Striker reached the front alcove and studied the door. It was made from solid wood, lighter in colour than the frame. When he looked at the hinges, he realized that the door actually opened outwards, which was unusual for these places. He took a moment to study the next-door neighbour’s doorway and saw that it was quite different. The wood looked darker, older. He turned to face Felicia.

‘Was there anything in the computer about a break-in here?’

‘No, nothing was listed in PRIME.’

He didn’t like the answer. The door had been fortified for some reason. Why? Was Sarah Rose afraid of something?

Or someone?

He reached out and rapped on the door. It was hard and let off a solid-sounding thunk-thunk-thunk. As they waited for a response, Striker took a quick look behind them at the building that was in a state of disrepair. Probably another leaky condo. On the other side of the road, in one of the ground-level suites, someone was watching them. A lone figure standing just behind the sheers and drapes. Striker nodded at the man, but received nothing in reply.

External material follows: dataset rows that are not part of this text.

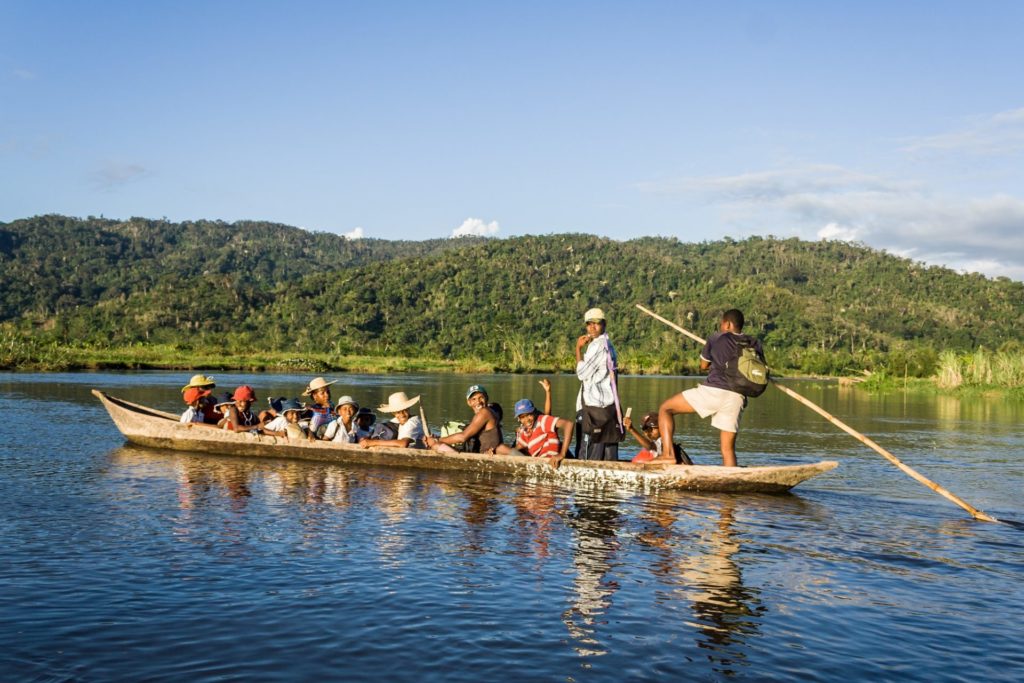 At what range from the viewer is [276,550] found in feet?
28.1

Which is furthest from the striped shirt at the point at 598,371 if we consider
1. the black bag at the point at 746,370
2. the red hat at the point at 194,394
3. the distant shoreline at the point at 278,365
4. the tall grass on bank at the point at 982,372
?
the tall grass on bank at the point at 982,372

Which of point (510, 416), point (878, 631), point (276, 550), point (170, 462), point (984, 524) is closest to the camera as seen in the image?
point (878, 631)

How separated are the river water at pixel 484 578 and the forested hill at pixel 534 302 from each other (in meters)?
58.9

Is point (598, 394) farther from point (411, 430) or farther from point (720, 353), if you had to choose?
point (411, 430)

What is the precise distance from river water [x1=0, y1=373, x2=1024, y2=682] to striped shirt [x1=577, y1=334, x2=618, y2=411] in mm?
1200

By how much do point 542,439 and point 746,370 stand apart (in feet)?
10.7

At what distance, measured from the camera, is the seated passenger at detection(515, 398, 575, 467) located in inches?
497

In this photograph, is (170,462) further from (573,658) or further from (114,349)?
(114,349)

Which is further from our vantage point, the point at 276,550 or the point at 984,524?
the point at 984,524

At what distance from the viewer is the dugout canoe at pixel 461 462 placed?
1166 cm

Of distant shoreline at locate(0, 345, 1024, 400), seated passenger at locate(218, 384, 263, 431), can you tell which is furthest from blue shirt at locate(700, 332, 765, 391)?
distant shoreline at locate(0, 345, 1024, 400)

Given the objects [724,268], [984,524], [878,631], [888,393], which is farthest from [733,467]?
[724,268]

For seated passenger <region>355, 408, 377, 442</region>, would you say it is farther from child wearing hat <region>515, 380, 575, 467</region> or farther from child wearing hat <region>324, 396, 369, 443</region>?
child wearing hat <region>515, 380, 575, 467</region>

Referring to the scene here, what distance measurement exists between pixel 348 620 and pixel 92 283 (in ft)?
441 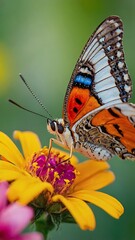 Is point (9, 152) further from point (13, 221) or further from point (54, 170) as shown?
point (13, 221)

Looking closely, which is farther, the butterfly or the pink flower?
the butterfly

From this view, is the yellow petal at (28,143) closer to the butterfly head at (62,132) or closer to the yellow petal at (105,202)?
the butterfly head at (62,132)

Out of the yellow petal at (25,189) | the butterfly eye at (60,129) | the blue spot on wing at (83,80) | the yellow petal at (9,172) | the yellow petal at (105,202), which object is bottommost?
the yellow petal at (105,202)

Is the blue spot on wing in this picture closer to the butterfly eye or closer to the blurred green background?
Answer: the butterfly eye

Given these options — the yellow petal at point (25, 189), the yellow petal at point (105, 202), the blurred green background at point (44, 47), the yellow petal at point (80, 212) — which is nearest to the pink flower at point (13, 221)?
the yellow petal at point (25, 189)

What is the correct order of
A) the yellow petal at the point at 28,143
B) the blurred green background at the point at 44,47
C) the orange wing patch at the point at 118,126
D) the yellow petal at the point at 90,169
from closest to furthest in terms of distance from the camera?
the orange wing patch at the point at 118,126
the yellow petal at the point at 90,169
the yellow petal at the point at 28,143
the blurred green background at the point at 44,47

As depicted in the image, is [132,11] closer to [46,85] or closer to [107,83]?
[46,85]

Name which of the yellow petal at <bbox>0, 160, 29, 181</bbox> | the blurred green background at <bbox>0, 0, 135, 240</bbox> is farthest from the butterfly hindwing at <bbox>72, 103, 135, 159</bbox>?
the blurred green background at <bbox>0, 0, 135, 240</bbox>

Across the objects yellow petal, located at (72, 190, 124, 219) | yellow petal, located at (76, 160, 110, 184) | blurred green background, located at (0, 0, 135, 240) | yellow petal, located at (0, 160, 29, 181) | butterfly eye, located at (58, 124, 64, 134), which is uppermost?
blurred green background, located at (0, 0, 135, 240) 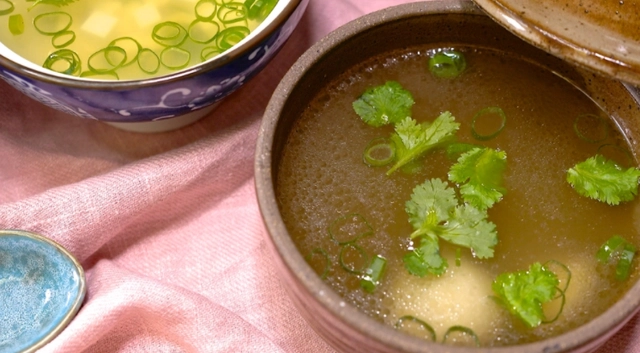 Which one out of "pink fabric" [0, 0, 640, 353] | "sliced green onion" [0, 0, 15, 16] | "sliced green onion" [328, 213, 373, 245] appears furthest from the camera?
"sliced green onion" [0, 0, 15, 16]

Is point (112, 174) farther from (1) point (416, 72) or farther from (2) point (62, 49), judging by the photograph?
(1) point (416, 72)

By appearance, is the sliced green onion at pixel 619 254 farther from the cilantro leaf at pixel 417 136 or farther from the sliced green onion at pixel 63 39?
the sliced green onion at pixel 63 39

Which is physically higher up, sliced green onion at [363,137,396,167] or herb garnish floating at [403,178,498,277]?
sliced green onion at [363,137,396,167]

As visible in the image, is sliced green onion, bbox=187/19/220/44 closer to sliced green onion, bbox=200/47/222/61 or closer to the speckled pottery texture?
sliced green onion, bbox=200/47/222/61

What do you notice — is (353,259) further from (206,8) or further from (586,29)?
(206,8)

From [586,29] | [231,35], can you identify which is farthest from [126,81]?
[586,29]

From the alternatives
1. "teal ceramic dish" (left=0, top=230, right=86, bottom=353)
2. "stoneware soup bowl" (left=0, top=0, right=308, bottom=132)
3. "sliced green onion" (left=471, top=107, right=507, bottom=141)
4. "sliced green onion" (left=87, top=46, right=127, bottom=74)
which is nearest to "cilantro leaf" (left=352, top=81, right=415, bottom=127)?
"sliced green onion" (left=471, top=107, right=507, bottom=141)

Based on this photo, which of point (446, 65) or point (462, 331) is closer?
point (462, 331) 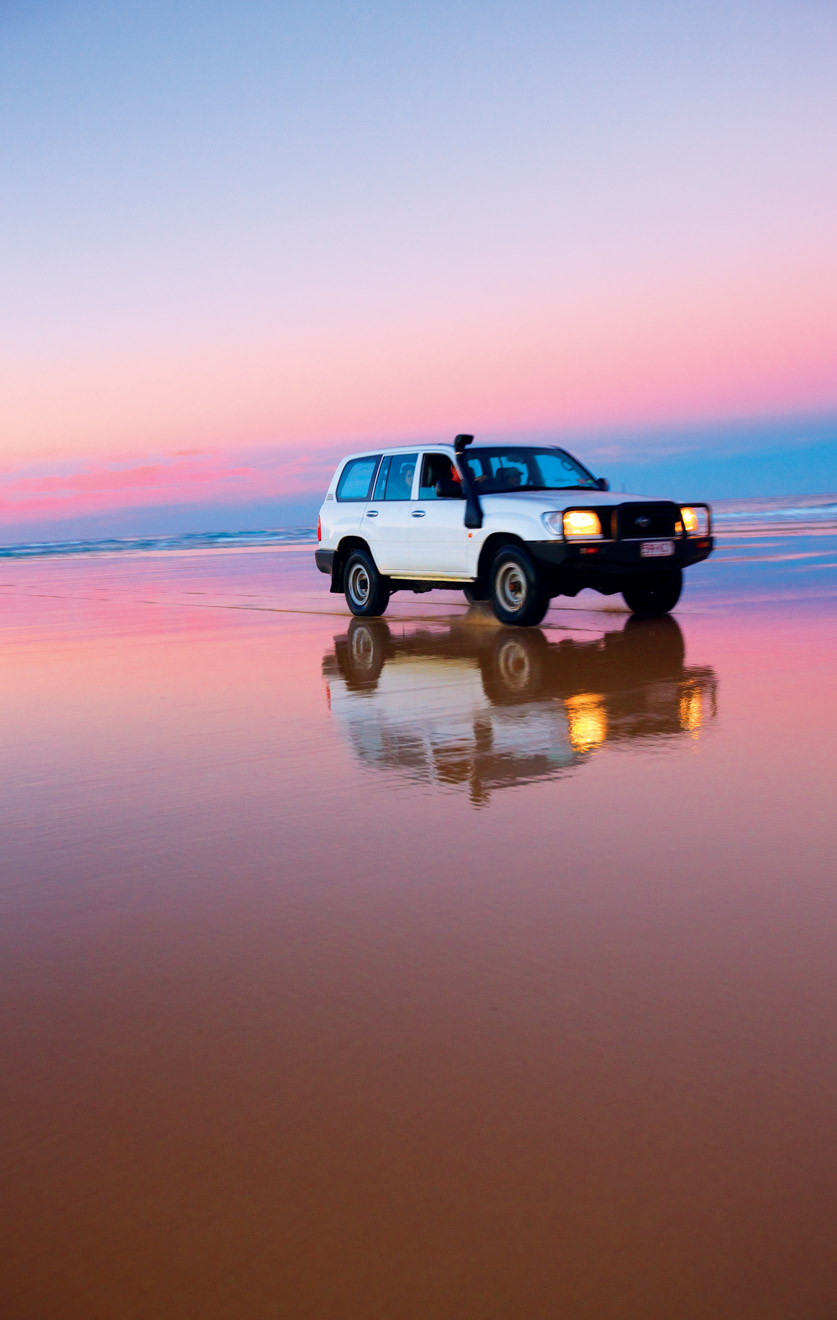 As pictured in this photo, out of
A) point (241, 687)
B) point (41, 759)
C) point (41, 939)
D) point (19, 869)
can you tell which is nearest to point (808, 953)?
point (41, 939)

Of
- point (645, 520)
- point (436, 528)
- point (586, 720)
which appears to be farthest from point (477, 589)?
point (586, 720)

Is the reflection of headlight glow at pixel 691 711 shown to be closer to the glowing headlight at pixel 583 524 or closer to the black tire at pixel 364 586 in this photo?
the glowing headlight at pixel 583 524

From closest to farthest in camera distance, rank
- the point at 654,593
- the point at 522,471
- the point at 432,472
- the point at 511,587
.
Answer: the point at 511,587 → the point at 522,471 → the point at 432,472 → the point at 654,593

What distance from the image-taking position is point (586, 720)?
27.3 ft

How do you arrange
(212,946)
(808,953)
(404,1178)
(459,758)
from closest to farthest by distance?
(404,1178), (808,953), (212,946), (459,758)

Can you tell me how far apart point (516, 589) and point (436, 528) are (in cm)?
126

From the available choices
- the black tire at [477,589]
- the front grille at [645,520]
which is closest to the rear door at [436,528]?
the black tire at [477,589]

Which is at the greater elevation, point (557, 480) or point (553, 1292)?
point (557, 480)

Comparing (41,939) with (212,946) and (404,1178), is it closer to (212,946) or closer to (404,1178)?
(212,946)

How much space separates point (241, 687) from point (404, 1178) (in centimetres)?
780

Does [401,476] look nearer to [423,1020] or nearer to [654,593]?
[654,593]

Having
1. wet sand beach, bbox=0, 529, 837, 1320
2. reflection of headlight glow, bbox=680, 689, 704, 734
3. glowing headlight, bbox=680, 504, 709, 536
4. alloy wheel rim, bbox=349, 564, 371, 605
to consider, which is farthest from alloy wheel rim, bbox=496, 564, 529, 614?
wet sand beach, bbox=0, 529, 837, 1320

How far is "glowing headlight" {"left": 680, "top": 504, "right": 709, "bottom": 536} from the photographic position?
15195 mm

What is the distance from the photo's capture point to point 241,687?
34.2 feet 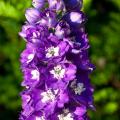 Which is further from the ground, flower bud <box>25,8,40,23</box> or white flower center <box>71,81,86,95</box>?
flower bud <box>25,8,40,23</box>

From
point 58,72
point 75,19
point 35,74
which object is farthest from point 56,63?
point 75,19

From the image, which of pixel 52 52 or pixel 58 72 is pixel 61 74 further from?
pixel 52 52

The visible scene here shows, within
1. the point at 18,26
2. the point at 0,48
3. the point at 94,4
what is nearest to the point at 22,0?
the point at 18,26

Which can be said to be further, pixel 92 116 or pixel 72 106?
pixel 92 116

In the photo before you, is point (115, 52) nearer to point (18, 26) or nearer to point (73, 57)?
point (18, 26)

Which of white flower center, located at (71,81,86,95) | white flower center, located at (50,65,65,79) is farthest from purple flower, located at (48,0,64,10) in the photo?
white flower center, located at (71,81,86,95)

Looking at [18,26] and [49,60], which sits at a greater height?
[49,60]

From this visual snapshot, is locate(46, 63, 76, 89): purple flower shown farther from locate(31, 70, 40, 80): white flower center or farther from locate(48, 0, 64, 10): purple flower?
locate(48, 0, 64, 10): purple flower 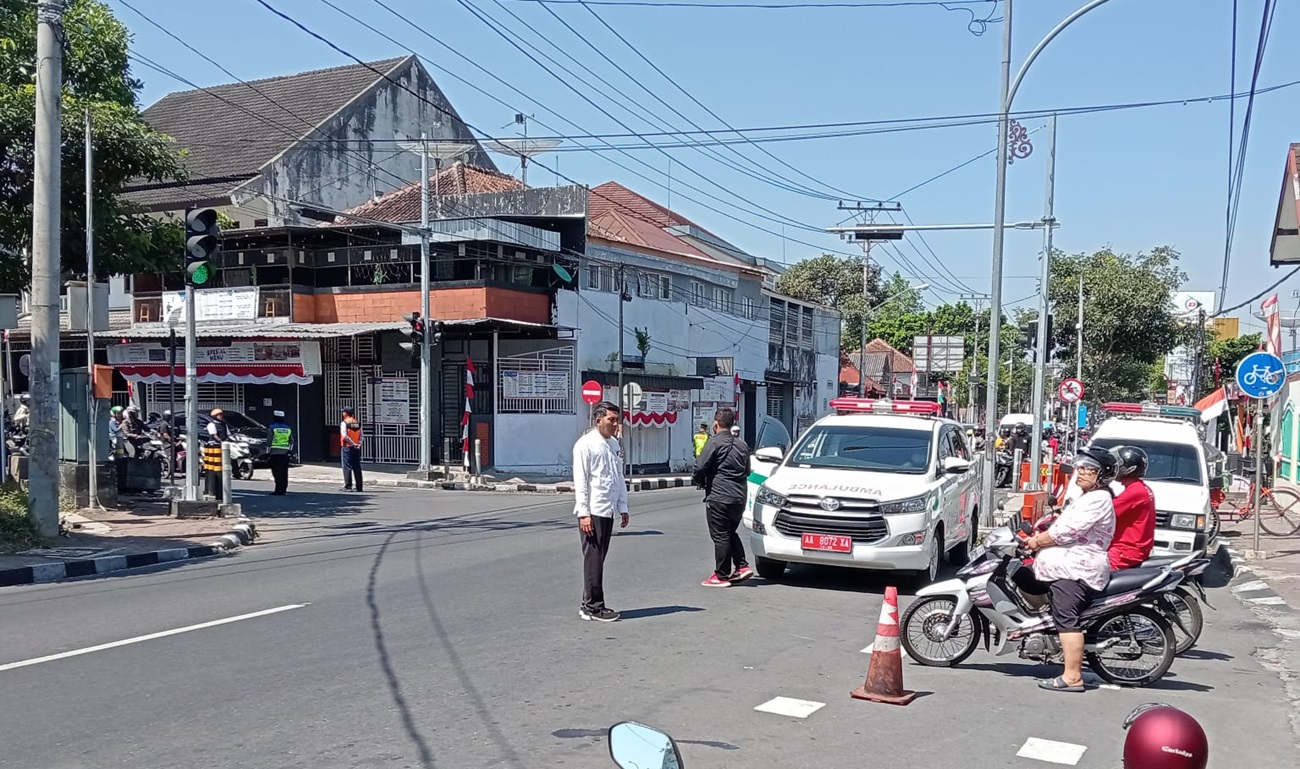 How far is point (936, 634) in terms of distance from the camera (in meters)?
7.86

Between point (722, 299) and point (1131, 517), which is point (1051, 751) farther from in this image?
point (722, 299)

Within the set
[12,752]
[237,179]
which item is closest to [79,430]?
[12,752]

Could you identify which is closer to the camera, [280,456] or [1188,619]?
[1188,619]

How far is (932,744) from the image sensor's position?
5.91 meters

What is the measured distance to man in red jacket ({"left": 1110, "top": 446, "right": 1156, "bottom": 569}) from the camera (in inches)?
309

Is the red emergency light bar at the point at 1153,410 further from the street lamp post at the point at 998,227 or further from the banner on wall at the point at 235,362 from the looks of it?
the banner on wall at the point at 235,362

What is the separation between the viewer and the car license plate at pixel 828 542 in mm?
10539

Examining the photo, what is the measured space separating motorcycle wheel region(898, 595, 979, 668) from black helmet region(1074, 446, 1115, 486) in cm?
129

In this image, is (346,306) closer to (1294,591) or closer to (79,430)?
(79,430)

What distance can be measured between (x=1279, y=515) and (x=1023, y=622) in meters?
14.8

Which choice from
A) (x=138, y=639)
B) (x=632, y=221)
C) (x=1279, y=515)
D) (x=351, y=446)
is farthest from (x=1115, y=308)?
(x=138, y=639)

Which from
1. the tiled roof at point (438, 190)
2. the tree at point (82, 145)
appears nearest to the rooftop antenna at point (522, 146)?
the tiled roof at point (438, 190)

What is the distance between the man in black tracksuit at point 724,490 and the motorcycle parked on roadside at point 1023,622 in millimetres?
3079

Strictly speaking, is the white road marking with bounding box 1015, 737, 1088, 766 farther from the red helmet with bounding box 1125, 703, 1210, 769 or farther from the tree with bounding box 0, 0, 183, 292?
the tree with bounding box 0, 0, 183, 292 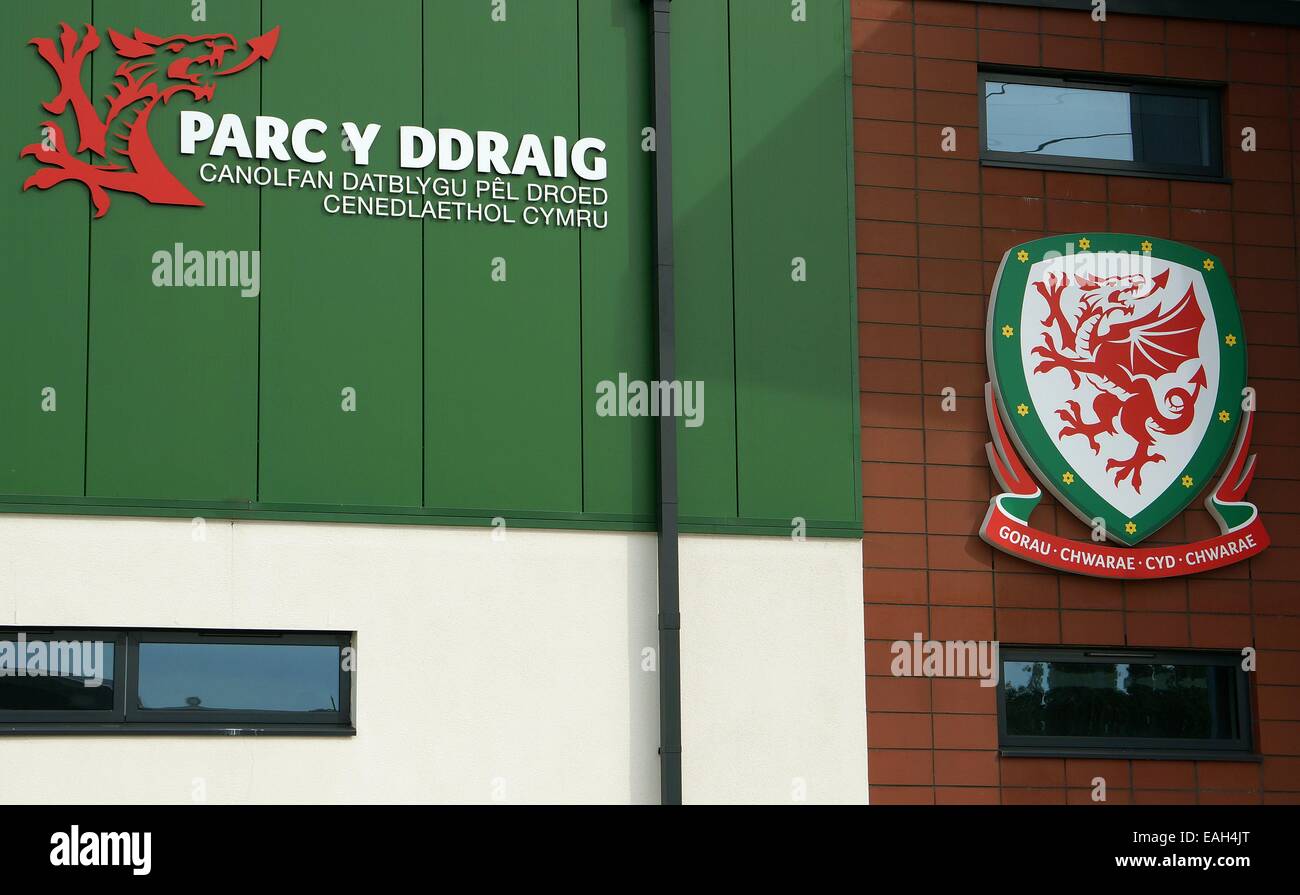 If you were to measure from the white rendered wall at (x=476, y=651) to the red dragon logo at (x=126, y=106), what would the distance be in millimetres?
1719

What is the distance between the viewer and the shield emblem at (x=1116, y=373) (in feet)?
34.0

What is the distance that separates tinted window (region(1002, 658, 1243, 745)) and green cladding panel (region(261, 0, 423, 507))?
139 inches

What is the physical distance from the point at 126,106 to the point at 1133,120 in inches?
226

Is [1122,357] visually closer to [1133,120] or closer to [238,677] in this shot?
[1133,120]

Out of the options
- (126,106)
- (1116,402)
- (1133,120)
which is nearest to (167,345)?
(126,106)

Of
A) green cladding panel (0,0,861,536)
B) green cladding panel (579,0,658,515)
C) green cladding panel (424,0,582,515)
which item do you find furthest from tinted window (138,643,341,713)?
green cladding panel (579,0,658,515)

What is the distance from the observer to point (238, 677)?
9.30m

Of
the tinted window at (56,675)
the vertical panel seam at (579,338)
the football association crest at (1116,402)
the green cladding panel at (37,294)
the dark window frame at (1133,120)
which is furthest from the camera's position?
the dark window frame at (1133,120)

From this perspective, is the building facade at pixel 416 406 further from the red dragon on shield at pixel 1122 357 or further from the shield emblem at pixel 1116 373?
the red dragon on shield at pixel 1122 357

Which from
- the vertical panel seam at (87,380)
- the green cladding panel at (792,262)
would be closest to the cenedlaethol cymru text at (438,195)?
the vertical panel seam at (87,380)

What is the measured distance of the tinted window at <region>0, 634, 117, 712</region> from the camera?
900cm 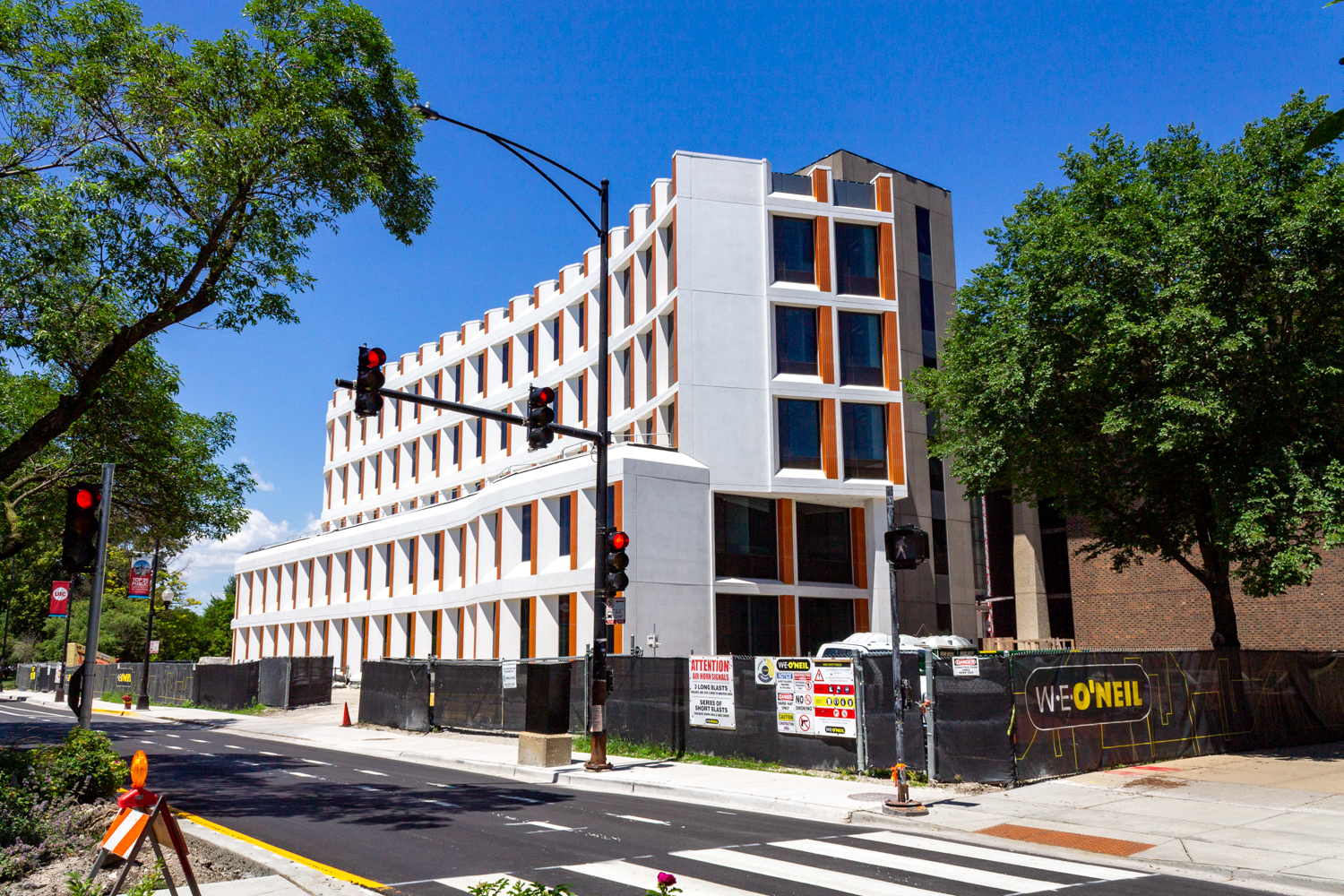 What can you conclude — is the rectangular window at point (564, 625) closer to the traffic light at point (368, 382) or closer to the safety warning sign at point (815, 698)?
the safety warning sign at point (815, 698)

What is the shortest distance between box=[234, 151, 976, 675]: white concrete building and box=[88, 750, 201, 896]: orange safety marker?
27.8 m

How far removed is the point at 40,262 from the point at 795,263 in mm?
30029


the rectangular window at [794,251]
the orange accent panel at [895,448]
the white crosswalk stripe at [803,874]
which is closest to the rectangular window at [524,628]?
the orange accent panel at [895,448]

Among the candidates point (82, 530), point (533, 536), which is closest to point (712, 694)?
point (82, 530)

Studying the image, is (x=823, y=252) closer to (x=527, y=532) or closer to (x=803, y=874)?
(x=527, y=532)

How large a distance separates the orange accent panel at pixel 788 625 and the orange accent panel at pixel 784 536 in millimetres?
794

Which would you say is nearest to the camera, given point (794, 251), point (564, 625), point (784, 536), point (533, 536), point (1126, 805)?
point (1126, 805)

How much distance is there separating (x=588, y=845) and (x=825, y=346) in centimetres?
3164

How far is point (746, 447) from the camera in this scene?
3881 cm

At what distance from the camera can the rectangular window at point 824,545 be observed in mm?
40188

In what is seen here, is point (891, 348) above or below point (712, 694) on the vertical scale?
above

It was typical for the area. Police unfriendly.

‘No one’s home,’ Felicia said.

Striker rapped harder. He leaned over the railing and tried to look through the kitchen window, but the lower portion of the glass was bevelled, and the upper portion was too high to see through. He tried the front door, found it locked.

‘Any phone number for this res?’ he asked.

Felicia shook her head. ‘None listed. Tried Info, too. They got nothing.’

‘Hold the front then,’ he said.

When Felicia nodded, Striker made his way around the building, cutting through the empty playground. Once there, he frowned. The rear of the townhome belonged to a separate residence altogether. The buildings faced back to back, which meant there were no windows facing south.

And no rear entry.

The front was the only way in.

When he returned to the front, Felicia nodded to the adjoining row-home. ‘No one’s home there, either,’ she said. ‘Actually, it looks like it’s unrented right now.’

‘Big surprise.’ Striker removed a folding knife from his inner jacket pocket and opened the blade.